= Beginning of Section =

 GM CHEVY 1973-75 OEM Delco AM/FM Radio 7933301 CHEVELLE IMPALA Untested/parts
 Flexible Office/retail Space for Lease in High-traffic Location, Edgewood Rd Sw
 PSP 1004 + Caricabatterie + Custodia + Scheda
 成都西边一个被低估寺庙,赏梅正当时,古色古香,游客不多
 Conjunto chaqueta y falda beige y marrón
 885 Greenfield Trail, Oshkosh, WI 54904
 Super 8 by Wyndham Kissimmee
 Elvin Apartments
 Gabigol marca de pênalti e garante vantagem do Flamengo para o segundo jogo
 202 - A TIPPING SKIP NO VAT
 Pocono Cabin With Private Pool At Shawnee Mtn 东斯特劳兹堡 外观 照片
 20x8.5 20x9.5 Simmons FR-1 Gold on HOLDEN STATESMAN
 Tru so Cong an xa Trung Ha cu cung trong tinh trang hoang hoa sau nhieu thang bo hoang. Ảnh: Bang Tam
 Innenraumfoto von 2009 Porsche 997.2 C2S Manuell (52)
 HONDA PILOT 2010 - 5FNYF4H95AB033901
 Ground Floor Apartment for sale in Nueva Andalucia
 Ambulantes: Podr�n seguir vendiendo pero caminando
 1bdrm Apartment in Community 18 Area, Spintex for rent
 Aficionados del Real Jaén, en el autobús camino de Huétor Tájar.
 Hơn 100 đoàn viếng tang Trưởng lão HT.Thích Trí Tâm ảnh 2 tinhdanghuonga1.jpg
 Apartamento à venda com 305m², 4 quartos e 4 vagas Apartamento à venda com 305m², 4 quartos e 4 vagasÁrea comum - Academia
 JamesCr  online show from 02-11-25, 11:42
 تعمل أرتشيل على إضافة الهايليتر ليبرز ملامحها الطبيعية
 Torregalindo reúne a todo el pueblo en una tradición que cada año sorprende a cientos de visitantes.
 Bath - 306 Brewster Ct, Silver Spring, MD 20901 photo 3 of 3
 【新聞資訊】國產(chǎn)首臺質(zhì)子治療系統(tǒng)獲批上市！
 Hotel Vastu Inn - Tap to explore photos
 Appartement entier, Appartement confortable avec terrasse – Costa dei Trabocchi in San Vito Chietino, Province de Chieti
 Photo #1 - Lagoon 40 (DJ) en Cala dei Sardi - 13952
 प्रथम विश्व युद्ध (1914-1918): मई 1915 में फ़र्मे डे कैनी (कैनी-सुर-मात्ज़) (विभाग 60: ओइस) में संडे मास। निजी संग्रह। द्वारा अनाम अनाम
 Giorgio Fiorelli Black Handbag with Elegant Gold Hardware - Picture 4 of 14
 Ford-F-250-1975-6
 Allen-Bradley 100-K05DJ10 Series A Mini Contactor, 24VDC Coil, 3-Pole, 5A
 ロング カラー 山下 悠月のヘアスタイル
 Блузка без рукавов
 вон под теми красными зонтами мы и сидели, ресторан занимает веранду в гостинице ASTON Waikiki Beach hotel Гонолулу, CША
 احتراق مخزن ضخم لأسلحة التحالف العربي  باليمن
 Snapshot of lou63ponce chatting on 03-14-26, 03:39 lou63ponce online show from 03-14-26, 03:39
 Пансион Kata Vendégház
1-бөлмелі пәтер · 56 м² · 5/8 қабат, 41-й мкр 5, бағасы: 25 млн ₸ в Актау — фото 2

= End of Section =

> What the exercise asks: Using the data above, repeat exactly the lines that begin at the line with "20x8.5 20x9.5 Simmons" and end at the line with "1bdrm Apartment in", both ends included.

> Output below:
 20x8.5 20x9.5 Simmons FR-1 Gold on HOLDEN STATESMAN
 Tru so Cong an xa Trung Ha cu cung trong tinh trang hoang hoa sau nhieu thang bo hoang. Ảnh: Bang Tam
 Innenraumfoto von 2009 Porsche 997.2 C2S Manuell (52)
 HONDA PILOT 2010 - 5FNYF4H95AB033901
 Ground Floor Apartment for sale in Nueva Andalucia
 Ambulantes: Podr�n seguir vendiendo pero caminando
 1bdrm Apartment in Community 18 Area, Spintex for rent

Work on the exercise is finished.